Each entry in the material below should be reproduced exactly.

[Data for the task]:
--------------------
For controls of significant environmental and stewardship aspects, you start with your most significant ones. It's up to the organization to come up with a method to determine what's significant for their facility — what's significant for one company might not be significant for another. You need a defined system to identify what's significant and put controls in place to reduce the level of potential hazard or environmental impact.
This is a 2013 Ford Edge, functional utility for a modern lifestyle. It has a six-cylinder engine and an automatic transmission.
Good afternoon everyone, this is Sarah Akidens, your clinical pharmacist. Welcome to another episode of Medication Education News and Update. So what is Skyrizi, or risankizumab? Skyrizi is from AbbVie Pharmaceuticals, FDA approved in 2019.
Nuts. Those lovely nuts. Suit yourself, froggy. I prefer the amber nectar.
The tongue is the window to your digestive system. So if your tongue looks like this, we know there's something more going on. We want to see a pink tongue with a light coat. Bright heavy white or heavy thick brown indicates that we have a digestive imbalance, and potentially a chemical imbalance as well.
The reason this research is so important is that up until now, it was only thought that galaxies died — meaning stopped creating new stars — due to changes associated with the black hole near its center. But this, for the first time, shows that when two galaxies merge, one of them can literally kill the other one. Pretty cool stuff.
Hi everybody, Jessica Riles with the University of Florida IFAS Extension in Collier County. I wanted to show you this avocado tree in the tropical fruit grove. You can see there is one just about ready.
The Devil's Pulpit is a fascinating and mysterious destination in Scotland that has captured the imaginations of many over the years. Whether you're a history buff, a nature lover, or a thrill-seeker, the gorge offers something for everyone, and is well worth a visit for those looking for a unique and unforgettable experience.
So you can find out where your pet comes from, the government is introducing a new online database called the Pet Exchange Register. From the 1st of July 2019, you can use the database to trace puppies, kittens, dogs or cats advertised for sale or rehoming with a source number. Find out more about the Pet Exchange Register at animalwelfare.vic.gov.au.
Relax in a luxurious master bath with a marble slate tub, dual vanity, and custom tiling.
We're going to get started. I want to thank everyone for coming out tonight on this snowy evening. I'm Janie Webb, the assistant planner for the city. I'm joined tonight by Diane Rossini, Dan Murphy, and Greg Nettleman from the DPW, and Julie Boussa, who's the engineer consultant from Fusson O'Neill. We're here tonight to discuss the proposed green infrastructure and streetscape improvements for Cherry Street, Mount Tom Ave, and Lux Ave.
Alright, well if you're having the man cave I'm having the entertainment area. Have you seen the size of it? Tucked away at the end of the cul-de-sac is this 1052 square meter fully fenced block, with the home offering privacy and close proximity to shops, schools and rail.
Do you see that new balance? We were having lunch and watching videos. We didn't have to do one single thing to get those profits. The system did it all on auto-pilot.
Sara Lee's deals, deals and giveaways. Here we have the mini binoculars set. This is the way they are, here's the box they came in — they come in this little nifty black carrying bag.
--------------------
[Exercise response]:
For controls of significant environmental and stewardship aspects, you start with your most significant ones. It's up to the organization to come up with a method to determine what's significant for their facility — what's significant for one company might not be significant for another. You need a defined system to identify what's significant and put controls in place to reduce the level of potential hazard or environmental impact.
This is a 2013 Ford Edge, functional utility for a modern lifestyle. It has a six-cylinder engine and an automatic transmission.
Good afternoon everyone, this is Sarah Akidens, your clinical pharmacist. Welcome to another episode of Medication Education News and Update. So what is Skyrizi, or risankizumab? Skyrizi is from AbbVie Pharmaceuticals, FDA approved in 2019.
Nuts. Those lovely nuts. Suit yourself, froggy. I prefer the amber nectar.
The tongue is the window to your digestive system. So if your tongue looks like this, we know there's something more going on. We want to see a pink tongue with a light coat. Bright heavy white or heavy thick brown indicates that we have a digestive imbalance, and potentially a chemical imbalance as well.
The reason this research is so important is that up until now, it was only thought that galaxies died — meaning stopped creating new stars — due to changes associated with the black hole near its center. But this, for the first time, shows that when two galaxies merge, one of them can literally kill the other one. Pretty cool stuff.
Hi everybody, Jessica Riles with the University of Florida IFAS Extension in Collier County. I wanted to show you this avocado tree in the tropical fruit grove. You can see there is one just about ready.
The Devil's Pulpit is a fascinating and mysterious destination in Scotland that has captured the imaginations of many over the years. Whether you're a history buff, a nature lover, or a thrill-seeker, the gorge offers something for everyone, and is well worth a visit for those looking for a unique and unforgettable experience.
So you can find out where your pet comes from, the government is introducing a new online database called the Pet Exchange Register. From the 1st of July 2019, you can use the database to trace puppies, kittens, dogs or cats advertised for sale or rehoming with a source number. Find out more about the Pet Exchange Register at animalwelfare.vic.gov.au.
Relax in a luxurious master bath with a marble slate tub, dual vanity, and custom tiling.
We're going to get started. I want to thank everyone for coming out tonight on this snowy evening. I'm Janie Webb, the assistant planner for the city. I'm joined tonight by Diane Rossini, Dan Murphy, and Greg Nettleman from the DPW, and Julie Boussa, who's the engineer consultant from Fusson O'Neill. We're here tonight to discuss the proposed green infrastructure and streetscape improvements for Cherry Street, Mount Tom Ave, and Lux Ave.
Alright, well if you're having the man cave I'm having the entertainment area. Have you seen the size of it? Tucked away at the end of the cul-de-sac is this 1052 square meter fully fenced block, with the home offering privacy and close proximity to shops, schools and rail.
Do you see that new balance? We were having lunch and watching videos. We didn't have to do one single thing to get those profits. The system did it all on auto-pilot.
Sara Lee's deals, deals and giveaways. Here we have the mini binoculars set. This is the way they are, here's the box they came in — they come in this little nifty black carrying bag.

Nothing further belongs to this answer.